Perhaps your friends at home or at college were surprised to hear that you were planning to attend a seminary. Perhaps they were even more surprised to learn that you were planning to attend Westminster Seminary. If they were I think I know what you told them. In all likelihood you told them that you were planning to teach or preach Christ and him crucified, Christ and the resurrection. Perhaps you quoted Paul's words when he said: "For I am not ashamed of the gospel of Christ: for it is the power of God unto salvation to every one that believeth; to the Jew first, and also to the Greek" (Romans 1:16).

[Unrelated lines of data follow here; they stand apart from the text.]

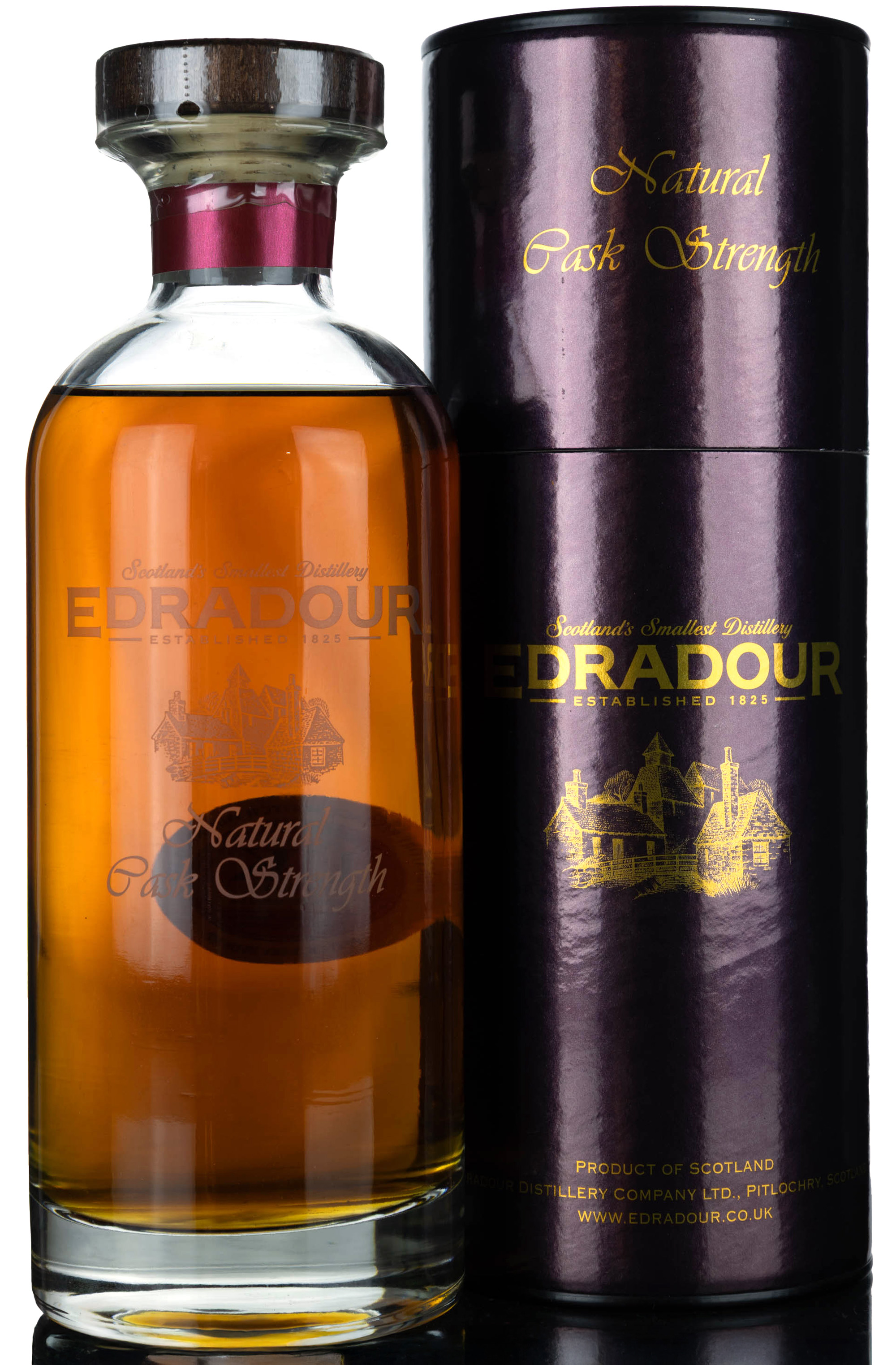 Edradour 19952009 13 Year Old Single Cask 468 Ibisco Decanter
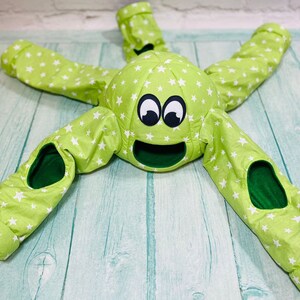 Game octopus in stars for rats. ferrets, guinea pig, octopus for fun games. irreplaceable toy for your pets. image 5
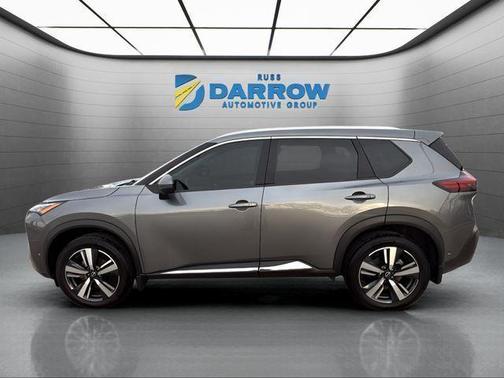 Gun Metallic 2023 Nissan Rogue SL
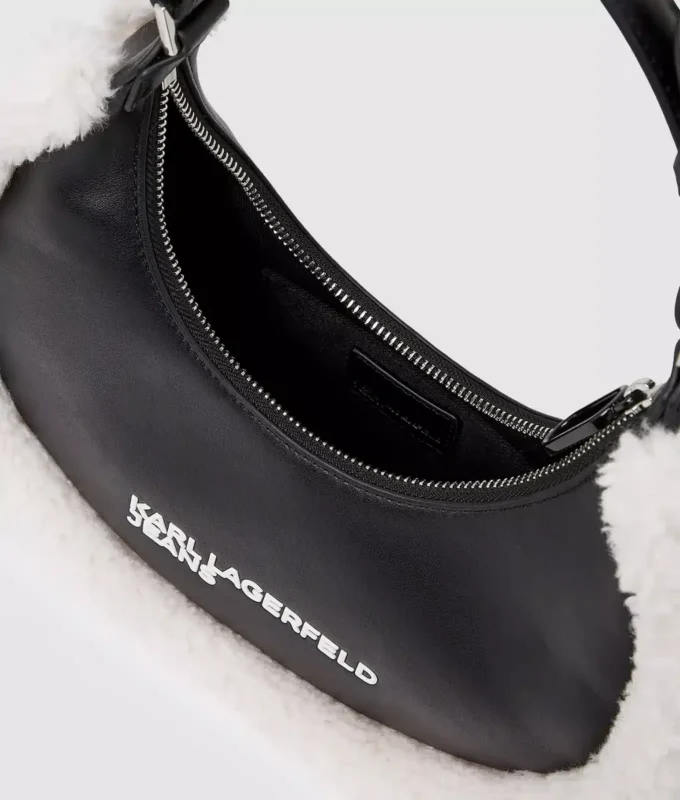 Borsa a tracolla Shearling Moon Borsa a tracolla Shearling Moon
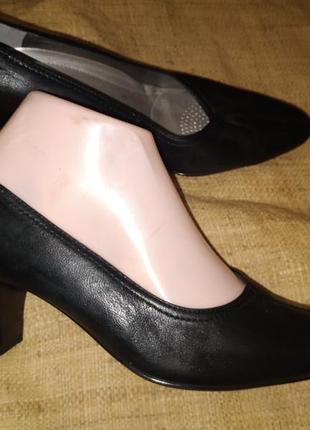 4р-25 см кожа туфли ara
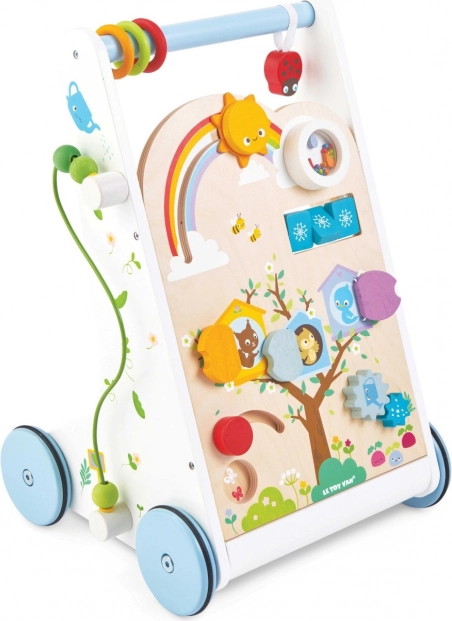 Le Toy Van Drewniany chodzik z aktywnościami dla maluchów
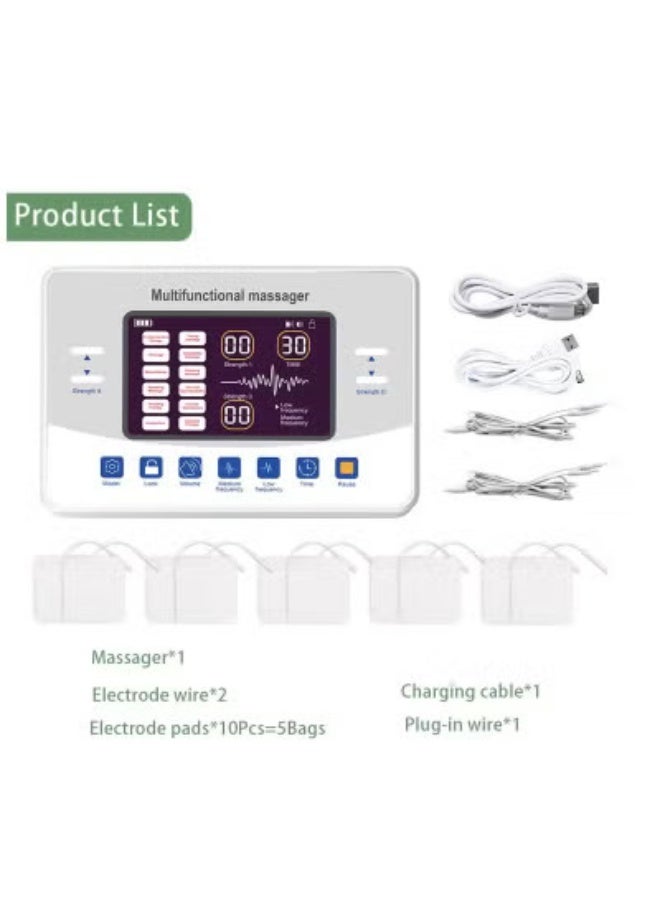  فيكتوال جهاز تدليك نبضي بتردد متوسط ​​ومنخفض، جهاز تدريب تحفيز العضلات، جهاز العلاج الطبيعي لإعادة تأهيل إصابات العضلات - Image 3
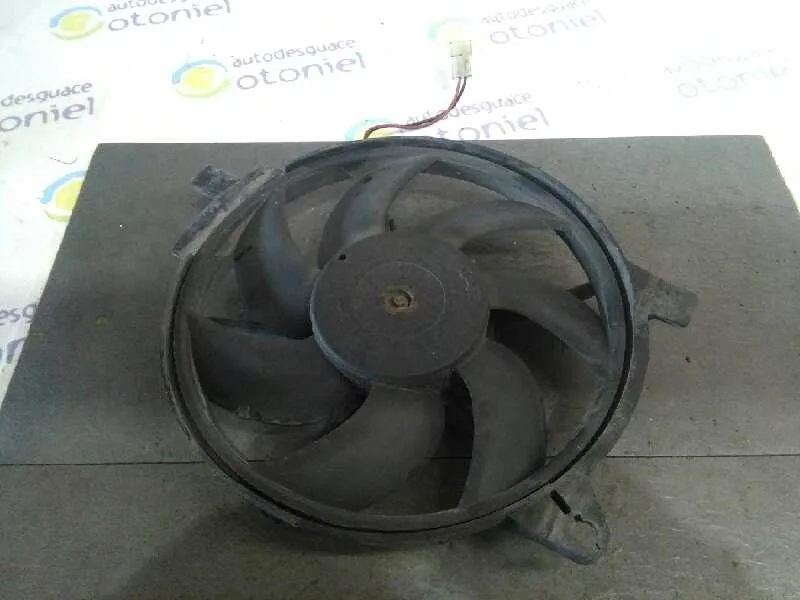 Electroventilador Radiador Aire Acondicionado para Mercedes-Benz Vito (W638) Caja Cerrada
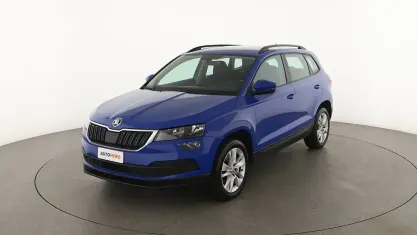 Usata Skoda Karoq Ambition 116 CV (85 kW) 2020 Blu SUV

If these words of Paul truly express the purpose of your hearts then we of the Faculty and of the student body welcome you with open arms. For there is no greater joy than to set forth Jesus Christ the Savior before lost and dying men. To tell all classes and conditions of men that the “wages of sin is death; but the gift of God is eternal life through Jesus Christ our Lord” (Romans 6:23), who would not give his all to do just that? And to lead the people of God in saying the words of Paul's doxology: “For I am persuaded, that neither death, nor life, nor angels, nor principalities, nor powers, nor things present, nor things to come, nor height, nor depth, nor any other creature, shall be able to separate us from the love of God, which is Christ Jesus our Lord” (Romans 8:38-39), is there anything better on earth than to do just that? The Seminary stands ready to help you to prepare yourself to do this very thing.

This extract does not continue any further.